They always check the correct torque for the vehicle and use a torque wrench to tighten the lugs. They're balancing is always bang on also. Cheap too!


----------



## Squiddie (Dec 19, 2010)

BTW, can somebody explain why most breaker bars sold are 3/8"? With those forces involved wouldn't you want 1/2"?


----------



## Autoputzer (Mar 16, 2014)

Silver Shadow said:


> Strangely enough the best garage I've gone to for wheel/tire installation is *Walmart* in Ogdensburg, NY.
> I buy all my tires online in the USA and get them installed at Walmart across from The UPS Store where I have a post office box.
> They always check the correct torque for the vehicle and use a torque wrench to tighten the lugs. They're balancing is always bang on also. Cheap too!


Here's my Walmart story.

The one near me has a novel solution for not losing the car keys. They put them in the door lock, so that the other keys on the key ring scrape against the door as the door is opened and closed.

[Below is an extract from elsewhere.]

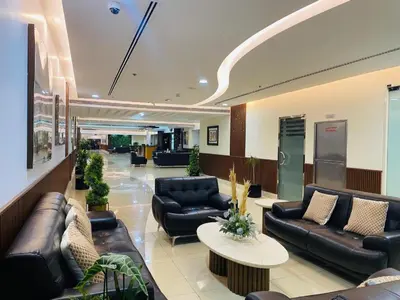 a lobby with couches and tables in a hospital at Marine View Tower aparthotel in Dubai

I stopped by there ONCE, to have a flat repair on my truck. My truck has stamped steel wheels with a polished stainless steel cover stamped onto them, pretty much indestructible. 
One customer asked another one if they had tire machines that didn't scratch the wheels. The other customer said that he assumed they did. The Walmart employee behind the counter stared laughing at him. All three of us got up, got our cars, and left.


----------



## Ruggernaut (Apr 25, 2014)

Squiddie said:


> BTW, can somebody explain why most breaker bars sold are 3/8"? With those forces involved wouldn't you want 1/2"?


Most places have both.


----------